From the entries below, please output exactly the lines starting at the one containing "One Uptown Opposite" and ending at the one containing "Dengan kata lain", both included.

Data excerpts
....
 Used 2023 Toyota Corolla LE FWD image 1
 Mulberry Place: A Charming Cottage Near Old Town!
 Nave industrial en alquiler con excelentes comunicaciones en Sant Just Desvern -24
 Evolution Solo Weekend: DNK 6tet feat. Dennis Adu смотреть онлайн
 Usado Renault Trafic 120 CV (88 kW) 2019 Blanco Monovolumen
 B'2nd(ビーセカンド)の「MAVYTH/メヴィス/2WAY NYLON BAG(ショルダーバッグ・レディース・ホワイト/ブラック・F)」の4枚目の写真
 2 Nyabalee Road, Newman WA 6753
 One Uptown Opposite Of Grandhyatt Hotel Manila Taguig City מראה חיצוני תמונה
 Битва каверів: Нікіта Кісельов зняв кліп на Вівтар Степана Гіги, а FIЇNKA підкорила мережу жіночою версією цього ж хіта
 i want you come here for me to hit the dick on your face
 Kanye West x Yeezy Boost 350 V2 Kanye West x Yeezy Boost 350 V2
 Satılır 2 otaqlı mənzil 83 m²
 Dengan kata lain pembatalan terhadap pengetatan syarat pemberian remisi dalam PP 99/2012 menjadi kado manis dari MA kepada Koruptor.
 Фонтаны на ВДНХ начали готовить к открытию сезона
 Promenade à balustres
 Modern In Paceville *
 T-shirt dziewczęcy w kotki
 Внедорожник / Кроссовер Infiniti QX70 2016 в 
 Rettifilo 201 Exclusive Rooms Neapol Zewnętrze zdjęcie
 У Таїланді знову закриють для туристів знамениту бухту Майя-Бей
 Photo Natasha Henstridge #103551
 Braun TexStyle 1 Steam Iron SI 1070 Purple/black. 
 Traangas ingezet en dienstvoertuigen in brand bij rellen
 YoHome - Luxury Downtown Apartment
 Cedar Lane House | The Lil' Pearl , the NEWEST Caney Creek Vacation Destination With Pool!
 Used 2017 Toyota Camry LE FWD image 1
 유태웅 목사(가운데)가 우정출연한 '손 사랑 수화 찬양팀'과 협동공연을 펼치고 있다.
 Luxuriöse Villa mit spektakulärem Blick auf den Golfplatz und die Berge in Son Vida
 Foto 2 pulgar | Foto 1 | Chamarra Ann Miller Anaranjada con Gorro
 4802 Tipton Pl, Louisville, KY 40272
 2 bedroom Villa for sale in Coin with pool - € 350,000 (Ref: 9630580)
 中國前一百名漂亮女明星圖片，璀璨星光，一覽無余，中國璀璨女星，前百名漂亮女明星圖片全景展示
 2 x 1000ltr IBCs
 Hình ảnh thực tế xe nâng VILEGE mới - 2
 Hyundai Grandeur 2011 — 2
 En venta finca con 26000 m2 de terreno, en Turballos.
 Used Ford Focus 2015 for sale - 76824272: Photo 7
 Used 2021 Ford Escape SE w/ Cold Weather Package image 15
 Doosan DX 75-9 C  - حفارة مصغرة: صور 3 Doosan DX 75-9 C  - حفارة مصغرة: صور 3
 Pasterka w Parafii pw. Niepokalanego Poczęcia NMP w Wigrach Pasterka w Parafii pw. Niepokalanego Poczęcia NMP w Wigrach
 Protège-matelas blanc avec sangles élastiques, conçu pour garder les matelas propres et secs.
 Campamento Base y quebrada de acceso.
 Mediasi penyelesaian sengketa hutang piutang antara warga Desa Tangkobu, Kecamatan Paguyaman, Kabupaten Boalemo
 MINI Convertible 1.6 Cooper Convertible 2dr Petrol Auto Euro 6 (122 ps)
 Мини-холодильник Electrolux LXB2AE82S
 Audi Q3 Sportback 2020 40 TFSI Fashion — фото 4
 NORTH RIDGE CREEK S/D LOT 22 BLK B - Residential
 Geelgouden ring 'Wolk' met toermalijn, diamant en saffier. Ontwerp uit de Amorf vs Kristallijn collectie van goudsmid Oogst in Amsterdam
....
SOLUTION TO THIS TASK ->
 One Uptown Opposite Of Grandhyatt Hotel Manila Taguig City מראה חיצוני תמונה
 Битва каверів: Нікіта Кісельов зняв кліп на Вівтар Степана Гіги, а FIЇNKA підкорила мережу жіночою версією цього ж хіта
 i want you come here for me to hit the dick on your face
 Kanye West x Yeezy Boost 350 V2 Kanye West x Yeezy Boost 350 V2
 Satılır 2 otaqlı mənzil 83 m²
 Dengan kata lain pembatalan terhadap pengetatan syarat pemberian remisi dalam PP 99/2012 menjadi kado manis dari MA kepada Koruptor.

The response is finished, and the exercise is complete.